SEC. 106. Additional reauthorization.

(a) Airport personnel training To identify and report human trafficking victims.—Section 303 of the Frederick Douglass Trafficking Victims Prevention and Protection Reauthorization Act of 2018 (Public Law 115–425; 132 Stat. 5488) is amended by striking “2018 through 2021” and inserting “2021 through 2027”.

(b) HERO corps hiring.—Section 890A(g)(2) of the Homeland Security Act of 2002 (6 U.S.C. 473(g)(2)) is amended by striking “2019 through 2022” and inserting “2022 through 2027”.

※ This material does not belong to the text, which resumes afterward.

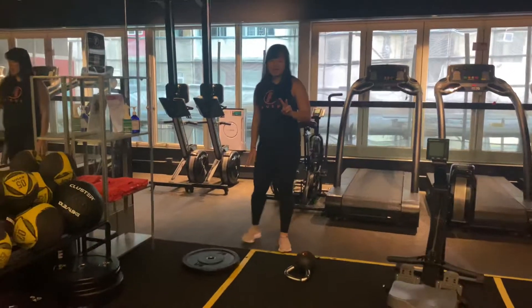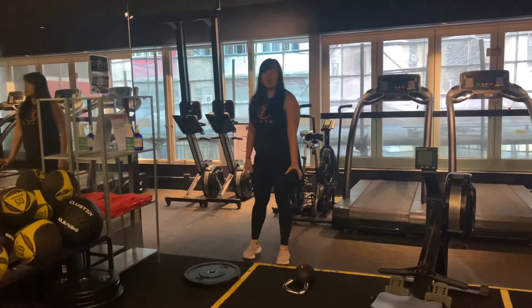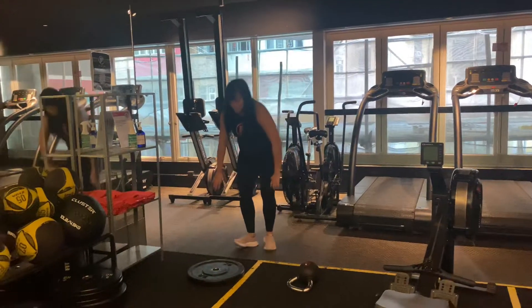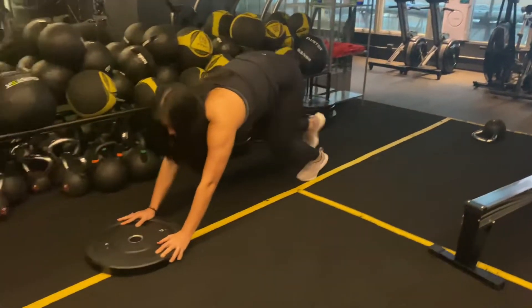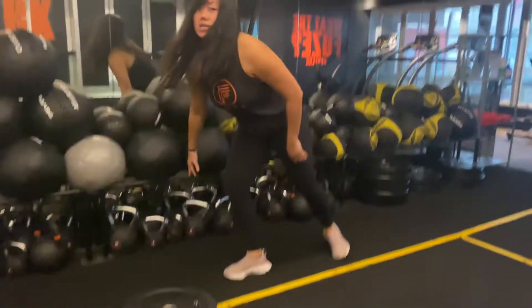There are two ways for turf slide — you can use a kettlebell or plate. Hands on the plate, flex rate, push forward, and this will be 0.5 lap. The runway will be one lap.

(c) Reauthorizing the special assessment and ensuring full funding for the domestic trafficking victims’ fund.—Section 3014 of title 18, United States Code, is amended—

(1) in subsection (a), in the matter preceding paragraph (1), by striking “and ending on September 11, 2022”; and

(2) in subsection (e)(1)—

(A) in the matter preceding subparagraph (A), by striking “2023” and inserting “2027”;

(B) in subparagraph (A), by striking “(42 U.S.C. 14044c)” and inserting “(34 U.S.C. 20705)”;

(C) in subparagraph (C), by striking “(42 U.S.C. 13002(b))” and inserting “(34 U.S.C. 20304)”; and

(D) in subparagraph (D), by striking “(42 U.S.C. 17616)” and inserting “(34 U.S.C. 21116)”.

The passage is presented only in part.